At £2,199, the Camber Pro is the top of the range. At that price, it overlaps the lower end of the Stumpjumper FSR line, making the decision to go Camber or Stumpy a direct choice for trail riders. We suspect that many riders have been waiting for a bike like this. It’s a decent weight at under 27lb and delivers a lively yet confident ride. Much like Trek’s Fuel EX, it impresses simply by tackling trails that, on paper, it ought to be more challenged by.

It’s not that the suspension feels like there’s more travel than there actually is, it’s mainly the sorted handling of the Camber that makes a difference. Even when the fork and back end are clearly getting out of their depth, the bike still manages to hold its line. You’re certainly likely to find yourself thinking long and hard about how much travel you actually need.

The camber will see you safely through lines you’d expect a 120mm travel bike to struggle over: the camber will see you safely through lines you’d expect a 120mm travel bike to struggle over
Mike Davis

Ride & handling: Lively, confident and cleans lines you’d expect a 120mm bike to struggle over

The Camber is a perfect example of how a bike’s capability is dictated at least as much by its shape as by its travel. While it’s 20mm shy on travel compared with its Stumpjumper FSR brother, the Camber’s user-friendly geometry means it’ll carry you through rough terrain that you might have expected to need more bounce for.

In some respects we prefer the shorter-travel platform. We’re happy to live without the Brain inertia valve on the shock that you’ll find on posher Stumpjumpers, and the Camber has a slightly tauter feel that encourages you to make more of the trail than just battering across it (although that approach works surprisingly well too).

If you’re used to a 3×9 transmission setup, the Camber Pro’s 2×10 front chainring configuration takes a little getting used to. There’s plenty of range there, with the 24/36T low being a whisker lower than the usual 22/32T, and the 38/11T high really only feeling lacking on roads. The jump between chainrings is bigger than a typical triple, although the actual shifts are smooth enough – we’ve never been particularly impressed by mid-range SRAM front mechs, but only having two rings to deal with gives the X7 derailleur an easy life.

The suspension is characteristically vice-free – there are no weird idiosyncrasies so you can give your full attention to riding. It’s got a robust feel (although we’d love to see a through-axle fork) and, unless you go completely bonkers, never gives the impression that you’re asking too much of it. The Camber Pro could bear meatier tyres, though – while the 2.0in Captain treads are decent enough and roll easily, there’s not a great deal of volume there. There’s definitely space in the frame, plus the geometry and suspension performance, to use bigger tyres.

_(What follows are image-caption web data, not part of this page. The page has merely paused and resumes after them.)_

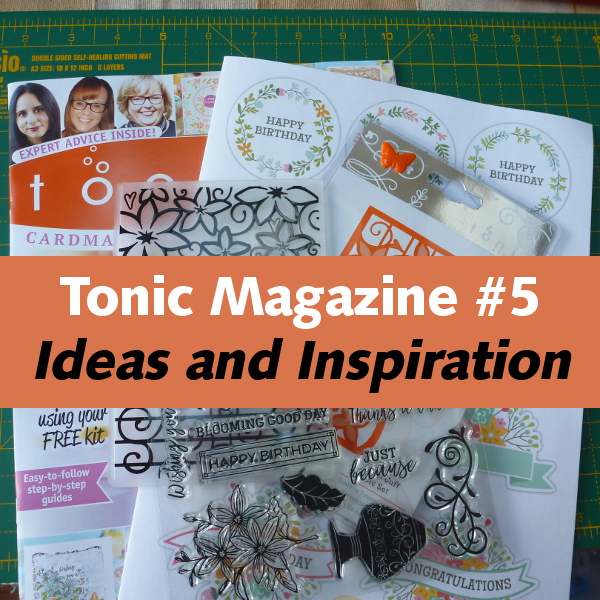 Tonic magazine issue 5 ideas and inspiration die cutting cut cards paper crafts 7 in 1 die embossing folder and stamps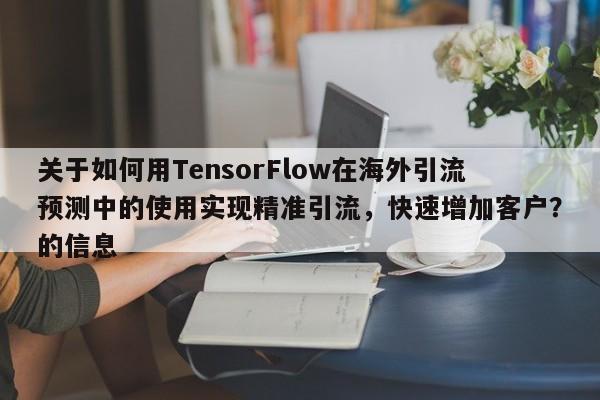关于如何用TensorFlow在海外引流预测中的使用实现精准引流，快速增加客户？的信息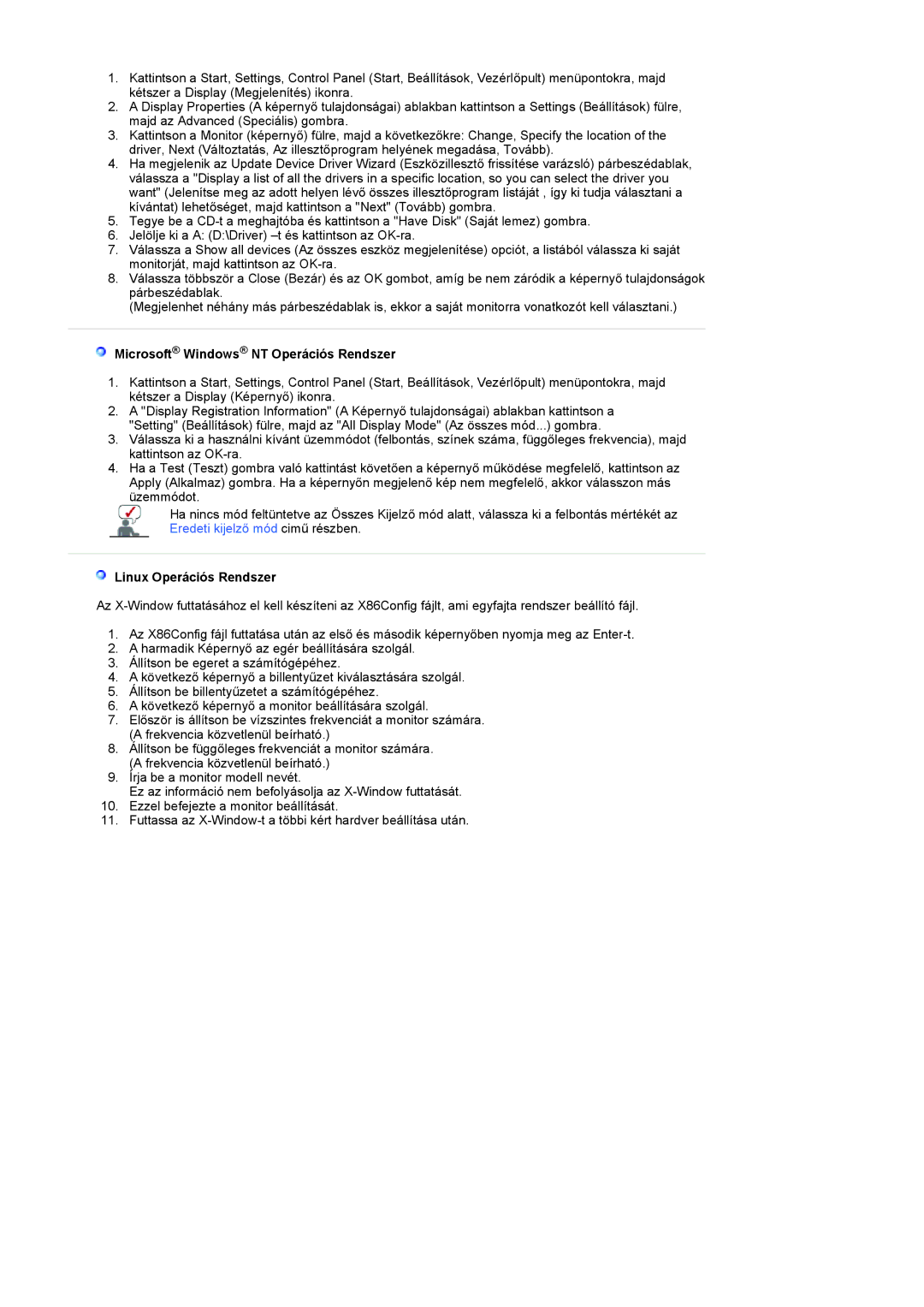 Samsung LS20HANKSHEDC, LS19HANKSHEDC, LS22HANKSUEDC manual Microsoft Windows NT Operációs Rendszer, Linux Operációs Rendszer 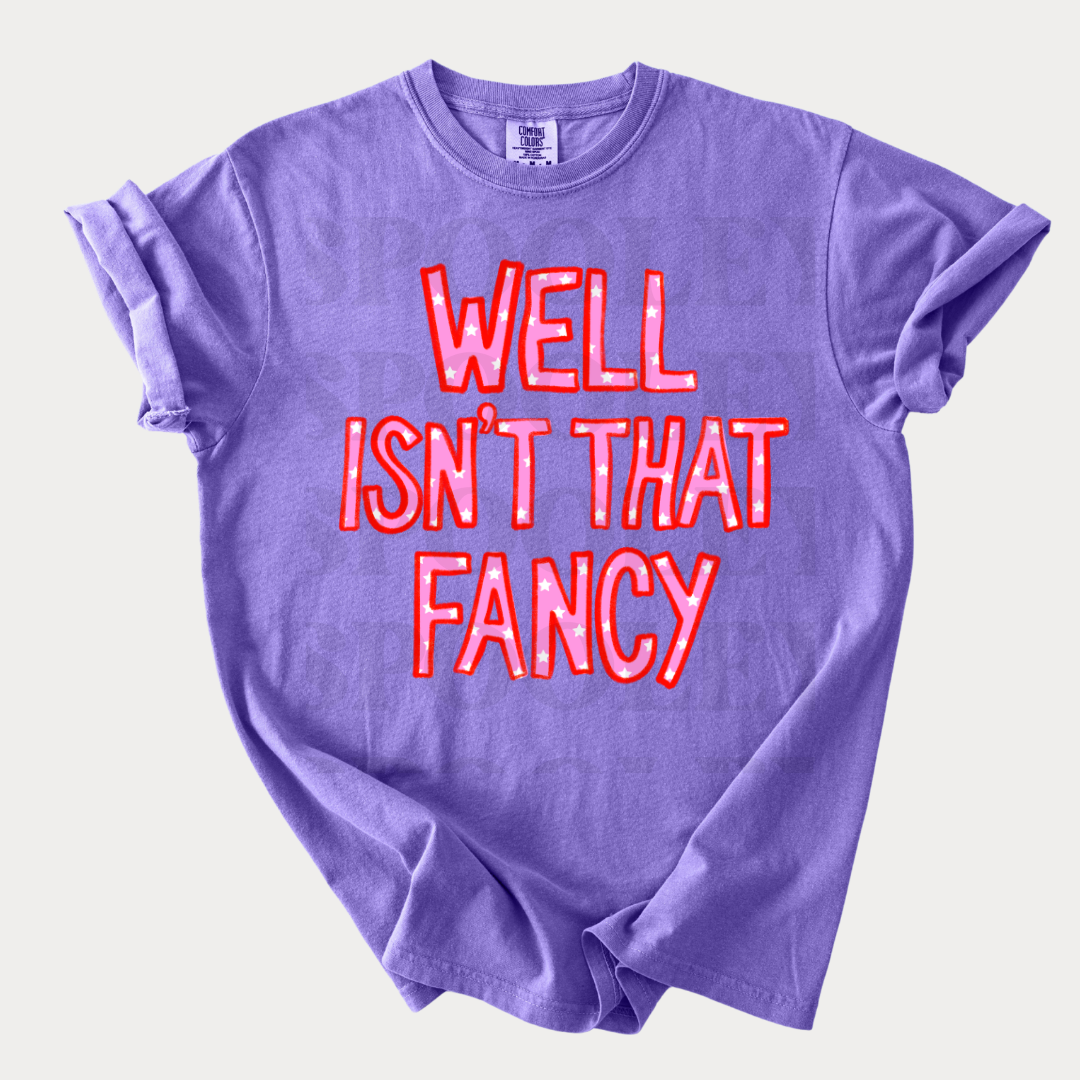 WELL ISN'T THAT FANCY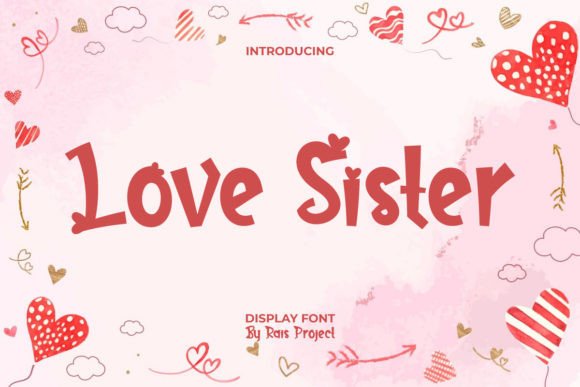 Love Sister: A Playful Font for Engaging Branding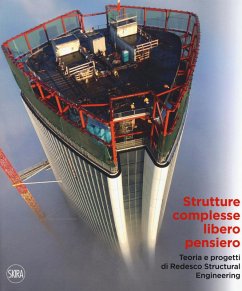 Cover Strutture complesse, libero pensiero. Teorie e progetti di Redesco Structural Engineering. Ediz. italiana e inglese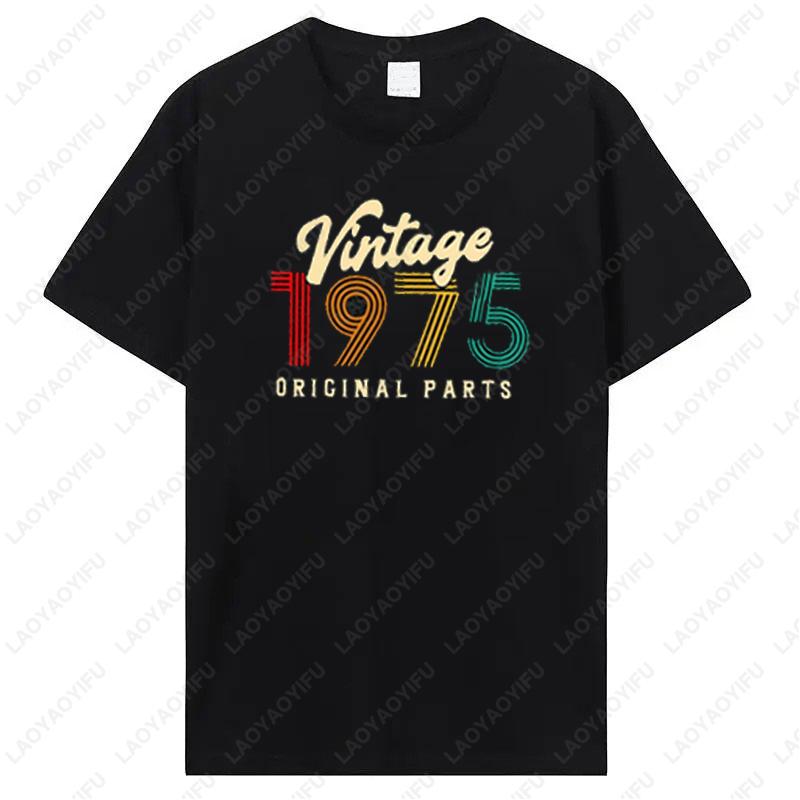 

50th Birthday Gift Tshirt for Women Men Vintage 1975 Original Parts Clothing Adult Tops Casual All Match Modal Classics Fun Tees 4XL
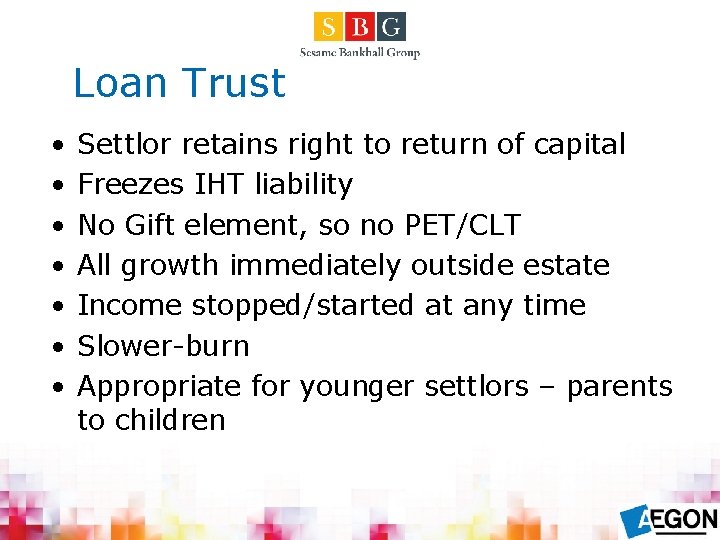 Loan Trust • • Settlor retains right to return of capital Freezes IHT liability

The in-line fox shock is driven directly from the seatstays: the in-line fox shock is driven directly from the seatstays
Mike Davis

Frame: Hydroformed chassis which takes design cues from its bigger brother

The Camber’s family resemblance to the Stumpjumper is pretty clear. Specialized have been moving most of their suspension bikes across to the in-line shock design, where the shock is aligned with the seatstays. On the Camber, the shock is driven directly from the end of the seatstays, with a one-piece forged linkage connecting the stays to the seat tube to keep everything in line.

You won’t find any carbon fibre here, with the Camber frame using Specialized’s M4 aluminium throughout. Inevitably, there’s lots of hydroforming going on to save weight, and the pivots on the seat tube are hydroformed rather than being separate forged pieces welded on to simplify manufacture. Up front, there’s an oversized head tube for an integrated headset.

Both gear cables and the rear brake hose are routed under the bottom bracket, with continuous housing runs secured by bolt-on cradles. There are also guides along the top tube for a remote adjustable seat post, should you wish to fit one. You get one set of bottle bosses inside the main triangle, although it’s a bit of a squeeze to get a 750ml bottle past the shock on any frame smaller than the large.

The camber has a double and bash set-up: the camber has a double and bash set-up
Mike Davis

Equipment: Well thought out spec, with carbon cranks and other big name kit

For the money, the spec is impressive. The SRAM carbon fibre cranks and Shimano XTR Shadow rear mech grab attention, but Specialized haven’t cut any obvious corners to include them – most of the rest of the transmission is Shimano SLX, while Avid Elixir R SL brakes do the stopping. The unique-to-Specialized Fox Triad shock that’s been around in various forms for years puts in an appearance, with a three-way lever for fully open, ProPedal or locked out settings.

There’s also a lockout on the Fox F120RL fork, although you’ll have to make do with conventional quick release dropouts. There are some subtle details among the component choices that show that someone has really thought about this bike. While you don’t get a through-axle fork, the front hub features a DT RWS screw-through axle and oversized end caps that increase the area of the hub/drop-out interface to boost stiffness.

While both ends feature 2.0in Captain tyres, the one at the front is a supple, lightweight, high thread count S-Works model while the rear is the Control version with a beefed-up casing, on the grounds that rear tyres tend to take more stick than front ones. We also appreciate the bigger brake rotors on larger bikes – the L and XL frames get a 203/185mm combo, compared with the 185/160mm combo on S and M frames.

Tester says…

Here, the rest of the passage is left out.